Most of the poems in THE ART OF BAGGING were written while Joshua Gottlieb-Miller worked in a grocery store, often in fragments on the folded-up piece of paper he kept tucked in his pocket. Gottlieb-Miller worked at Trader Joe's after getting his undergrad degree, left the store to pursue an MFA, and then returned after completing his advanced degree. Feeling stuck, watching time tick away stocking shelves, Gottlieb-Miller found himself dreading the store but writing more and more. This is a hybrid book. Because so many of his co-workers said or did things that inspired poems, Gottlieb-Miller knew he wanted to interview as many as he could. Many of these poems of retail labor are informed by meditations on visibility or invisibility, the accessibility of the setting and that frustration giving way to lyrical and meditative flights. The book’s arc traces the speaker’s recognition of these workers' shared positions—thoughtful individuals enmeshed in a singular, larger system—within an economic and, by the end of the book, metaphysical space.
“The Art of Bagging unpacks the American obsession with livelihood-as-personhood.

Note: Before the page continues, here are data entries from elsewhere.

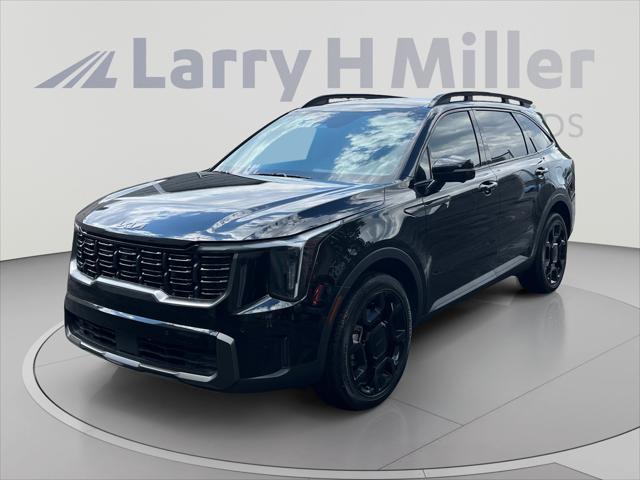 2025 Kia Sorento X-Line SX Prestige for sale in Sandy, UT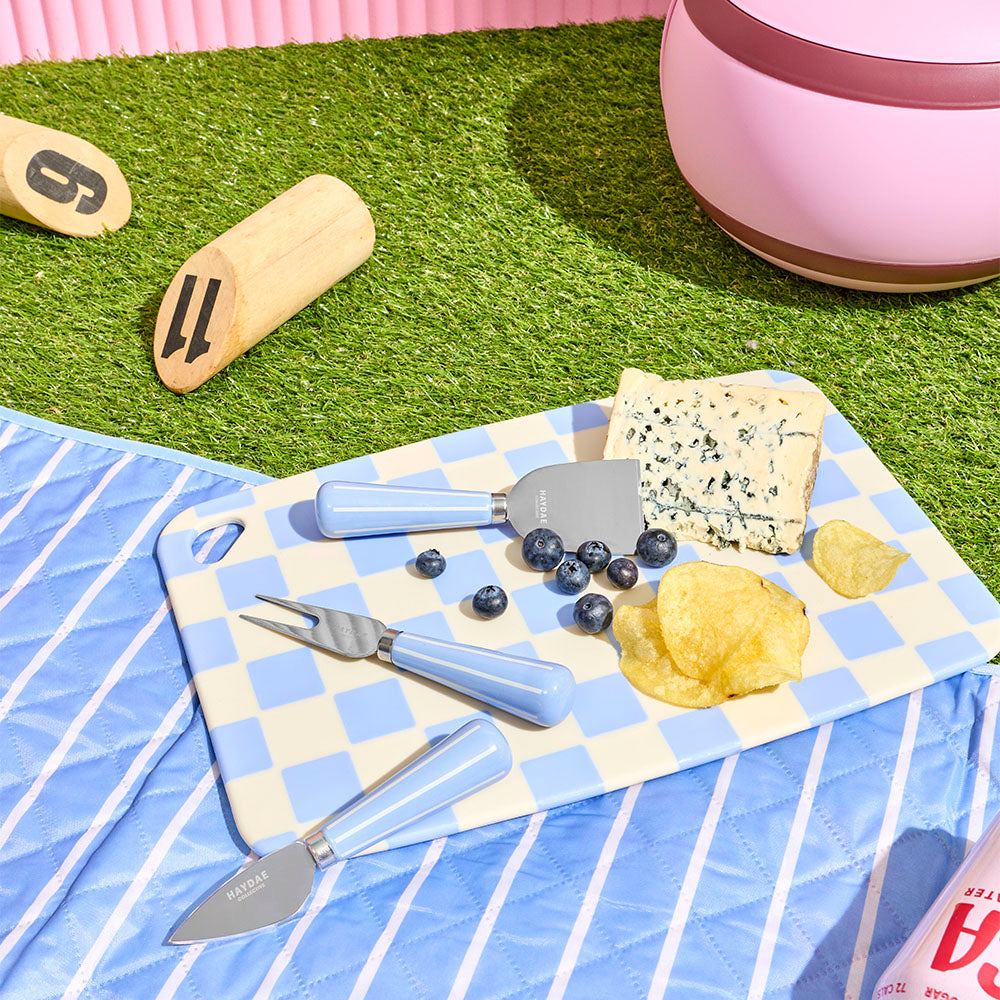 HAYDAE COLLECTIVE Picnic Ball Set for 6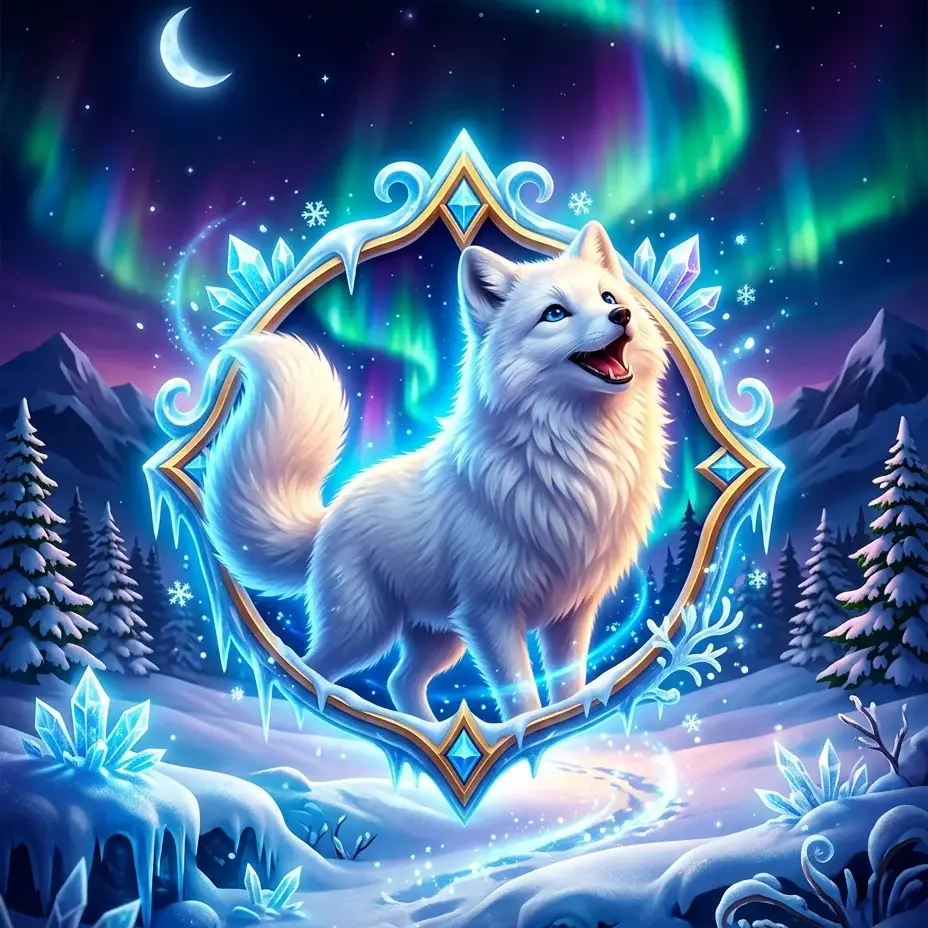 Arctic Fox bij Leprezone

Through an inventive structure—spare lyrical narrative, surprising aphorism, and raw interview—Josh Gottlieb-Miller works over definitions of what work is. The grocery store is only a setting, a crucial one though, for the book’s astonishing revelations. This is ontology bagged, in which disparate voices are identified (a rarity for poetry of labor) and the apocrypha of retail work is examined. Here’s an example of Gottlieb-Miller’s ars poetica from the powerful ‘The Fiction I am a Grocery Store Employee,’: ‘I’ve already divided/what’s false from true./As in a shortcut you/can only use once.’ Later, in ‘Grocers Debate the Apocalypse For Its Effect on Backstock,’ the poet writes, ‘I don’t like to be reduced,/even to something bigger than me.’ I am grateful for this book.” —Martha Serpas
"Do you think you would go out of your way to see an opera if it was about a grocery store?” Joshua Gottlieb-Miller asks at the very beginning of The Art of Bagging. What follows is extraordinary, lyrical, invigoratingly intelligent and, indeed, operatic. In this hybrid collection, Gottlieb-Miller considers the grocery store as a site for meditations on vast economies, complex labor systems, and the ordinary, often nearly invisible, people who work within them. Always thoughtful and humane, the poems are unified by Gottlieb-Miller’s own voice—a voice characterized by wit, warmth, keen awareness, and a desire to understand the many worlds of the grocery store and those who labor alongside him, within it.” —Kevin Prufer
Joshua Gottlieb-Miller earned his BA from St. Mary's College of Maryland, and his MFA and PhD from the University of Houston. He served as Poetry Editor and Digital Nonfiction Editor for Gulf Coast, as well as a Post- Harvey Think Tank Fellow for folklore at Rice University's Humanities Research Center. He has been awarded poetry fellowships at MacDowell, the Yiddish Book Center's Tent Workshop, and elsewhere. He has published poetry, nonfiction, hybrid, and multimedia writing, most recently in Brooklyn Rail, MAYDAY Magazine, Concision Poetry Journal, and Grist: A Journal of the Literary Arts. He worked at Trader Joe's three times: once in Silver Spring, Maryland, and twice in Madison, Wisconsin. He currently teaches at San Jacinto College and lives in Houston with his wife and son.